THE PROBLEM:
Exactly the lines from the start of the data below through the line that contains "A medieval princess" are to be copied, with pictures left out.

MATERIAL TO PROCESS:
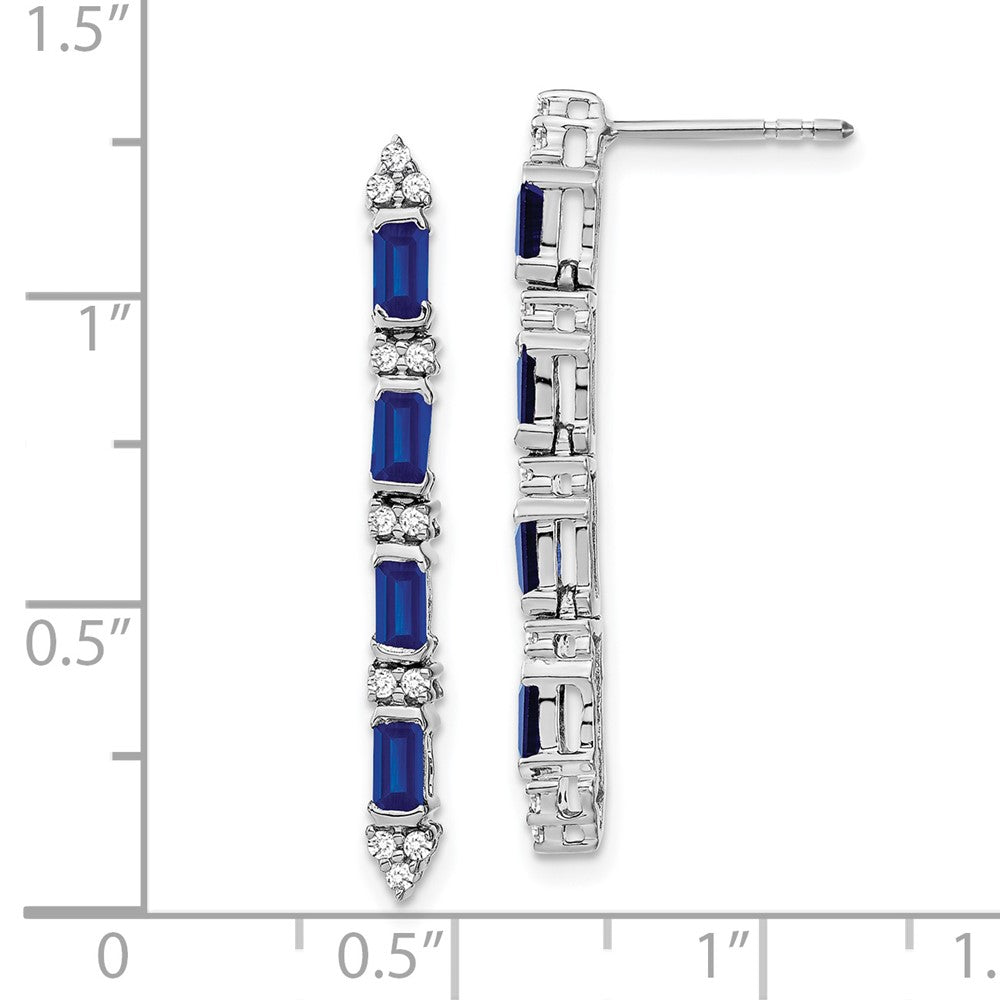 14k White Gold Sapphire and Real Diamond 4-stone Dangle Earrings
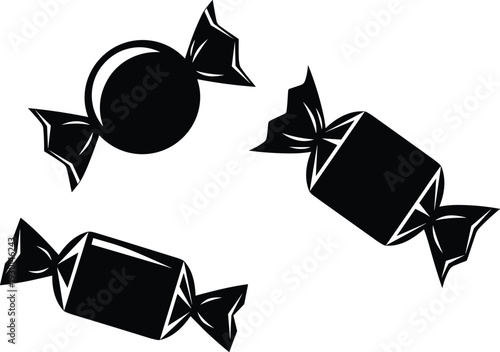 Candy and sweet wrapped confection silhouette set isolated on white background vector illustration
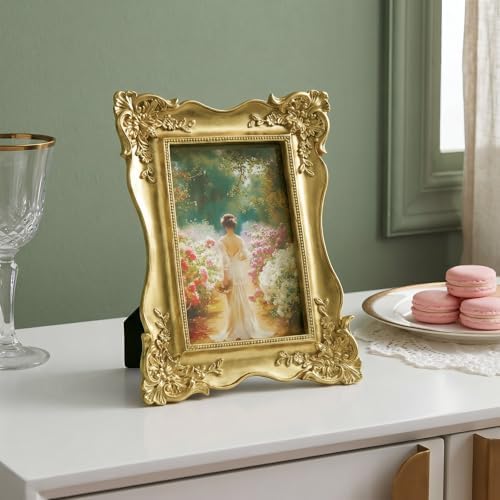 Cuspin 4x6 Vintage Gold Picture Frame, Ornate Antique Resin Photo Frame - Image 4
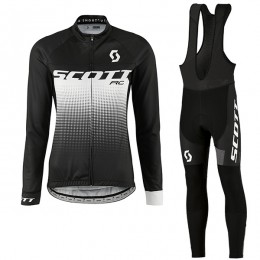 2017 Scott Rc Damen Schwarz Weiß Fahrradbekleidung Satz Radtrikot Langarm+Lang Trägerhose Radtrikot Kaufen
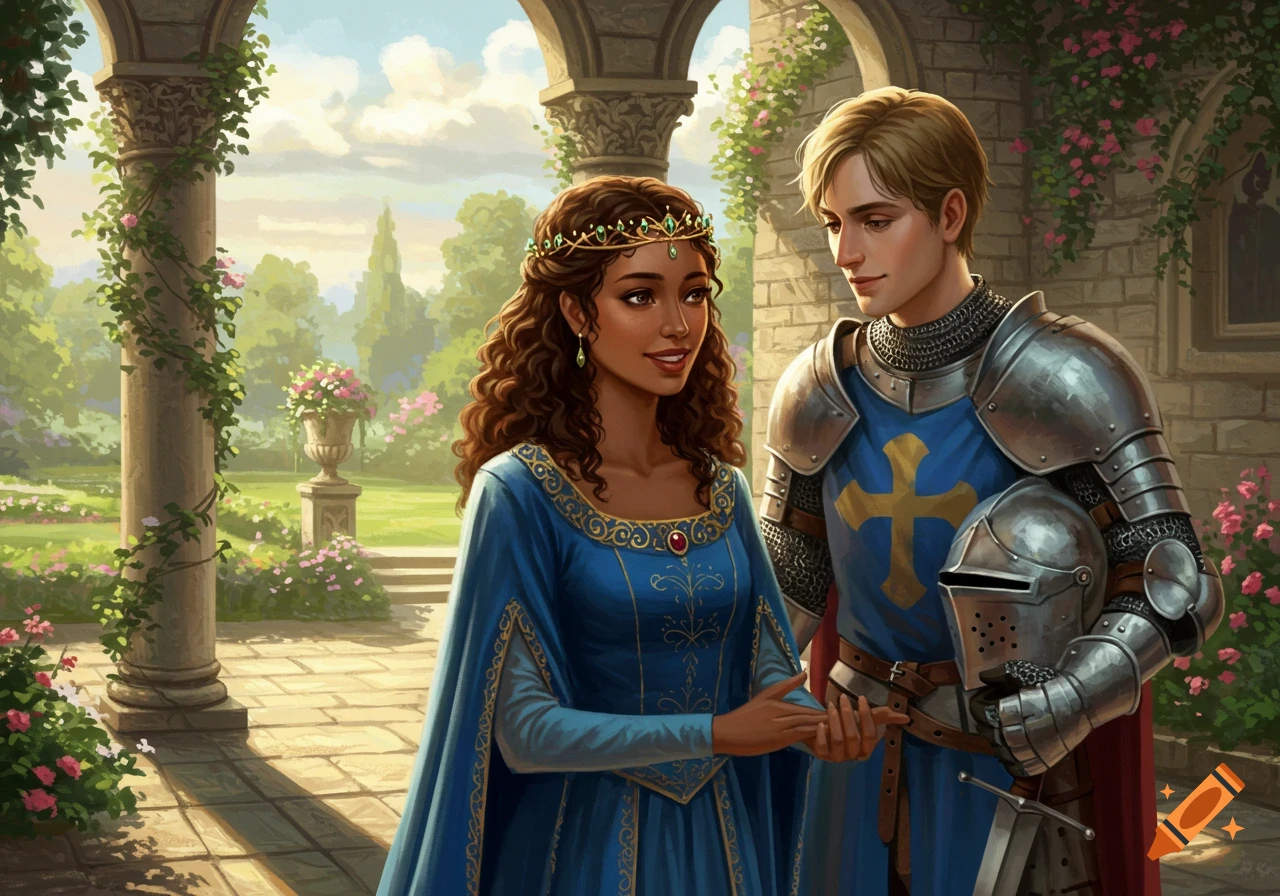 A medieval princess and a knight in armor holding hands in a lush garden with stone arches.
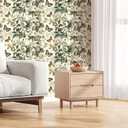 Butterfly Botanical Wallpaper Cream Jungle Peel and Stick Wallpaper Self Adhesive Vinyl for Nature-Inspired Bedroom, Living Room or Accent Wall Decor, 17.7in x 118in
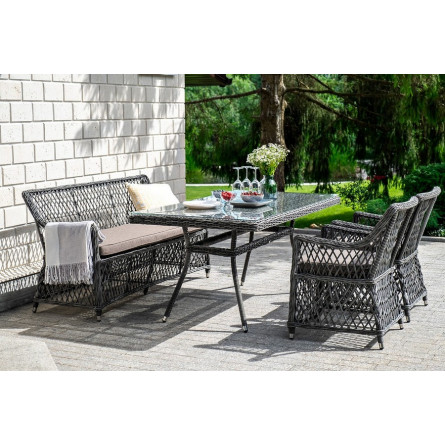 "Катания" обеденная группа плетеная на 4 персоны, цвет графит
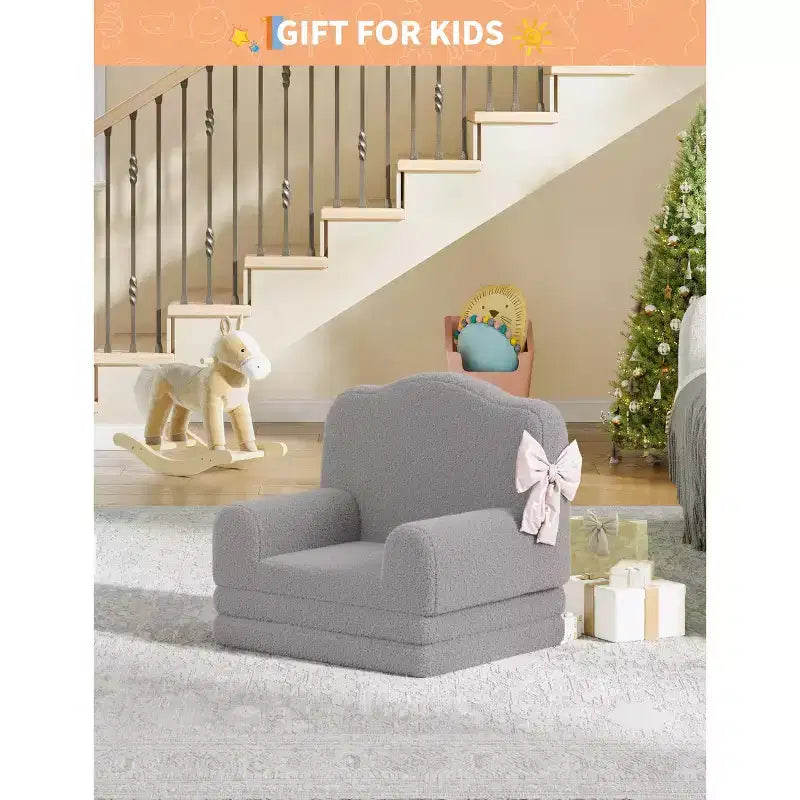 Canapé et fauteuil pour enfants 2-en-1 – Sofa en mousse pliable pour tout-petits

ANSWER:
 14k White Gold Sapphire and Real Diamond 4-stone Dangle Earrings
 Candy and sweet wrapped confection silhouette set isolated on white background vector illustration
 Cuspin 4x6 Vintage Gold Picture Frame, Ornate Antique Resin Photo Frame - Image 4
 2017 Scott Rc Damen Schwarz Weiß Fahrradbekleidung Satz Radtrikot Langarm+Lang Trägerhose Radtrikot Kaufen
 A medieval princess and a knight in armor holding hands in a lush garden with stone arches.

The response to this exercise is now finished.